Tanpa integritas, demokrasi mudah terjerumus dalam korupsi institusional dan delegitimasi publik. Maka dari itu, integritas bukan hanya soal individu, tetapi ekosistem nilai dan struktur pengawasan.
5. Demokrasi Performa vs Demokrasi Substansi
Indonesia tampak semakin terjebak dalam demokrasi performatif di mana pertunjukan lebih penting daripada isi. Kampanye ala influencer, visualisasi tokoh seperti idola K-Pop, dan dominasi wacana politik di media sosial menciptakan ruang partisipasi yang lebih mementingkan "likes" daripada gagasan.
Hal ini memperlemah basis rasional dan ideologis demokrasi, dan memperkuat populisme estetik yang berbahaya dalam jangka panjang. Demokrasi menjadi panggung, bukan forum deliberatif.
Kesimpulan
Indonesia pada 2024 masih unggul secara prosedural dibanding negara Asia Tenggara lainnya. Namun, dari segi kualitas, demokrasi Indonesia menunjukkan gejala penurunan. Fenomena politik digital berbasis algoritma dan budaya populer seperti K-Popfikasi menawarkan peluang sekaligus ancaman.
Media sosial memang membuka ruang ekspresi dan partisipasi, tetapi juga menjadi alat kontrol dan distraksi. Tanpa penguatan integritas lembaga, pendidikan politik warga, dan reformasi struktural, demokrasi Indonesia terancam menjadi demokrasi ilusi tampak bebas, tetapi dikendalikan.
Indonesia bisa tetap menjadi role model demokrasi di Asia Tenggara, tetapi hanya jika demokrasi substantif dikembalikan sebagai ruh utama bukan sekadar prosedur dan pertunjukan.
Saran
-
Pendidikan politik digital harus diperkuat, terutama di kalangan muda, agar partisipasi politik tidak bersifat superfisial.
-
Pengawasan terhadap algoritma media sosial harus ditingkatkan, termasuk transparansi dan regulasi platform digital.
-
Etika dan integritas lembaga demokrasi harus ditegakkan melalui reformasi peradilan dan penguatan lembaga pengawas seperti Komisi Yudisial.
-
Partai politik dan kandidat harus kembali menekankan narasi program dan ide, bukan sekadar gimmick media sosial.
-
Kolaborasi regional dengan negara Asia Tenggara lain untuk berbagi praktik demokrasi yang sehat dan adaptif.
Daftar Pustaka
-
Suryacahyani, N. A. (2025).
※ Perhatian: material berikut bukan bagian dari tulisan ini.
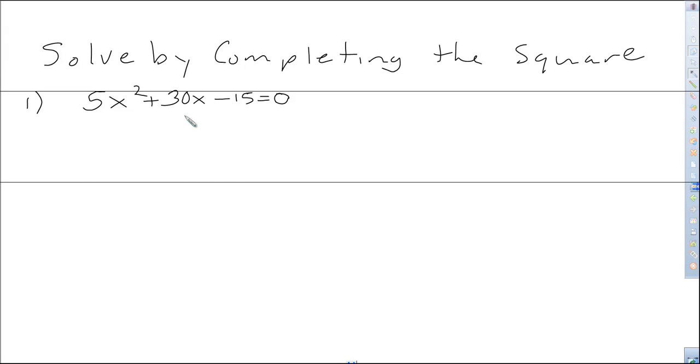Hi everybody. Today we're going to go over solving quadratic equations by completing the square.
Governmentality Partisipasi Politik di Media Sosial: K-Popfikasi Kampanye Anies Baswedan dalam Akun X @aniesbubble. Skripsi, Universitas Islam Indonesia.
-
Komisi Yudisial Republik Indonesia. (2023). Bunga Rampai: Penegakan dan Penguatan Integritas Peradilan.
-
Barry, A. (2001). Political Machines: Governing a Technological Society. Routledge.
-
Bollmer, G. (2016). Inhuman Networks: Social Media and the Archaeology of Connection. Bloomsbury.
-
Freedom House. (2024). Freedom in the World: Indonesia.
-
V-Dem Institute. (2024). Democracy Report.
-
Putri, D. & Nugroho, A. (2024). "K-Popfikasi dalam Politik: Studi Fenomena Akun @aniesbubble", Briefer.id.
-
Storyteller. (2024). “K-Popfication: When Politics Meets Fandom”, Media Stories Briefer.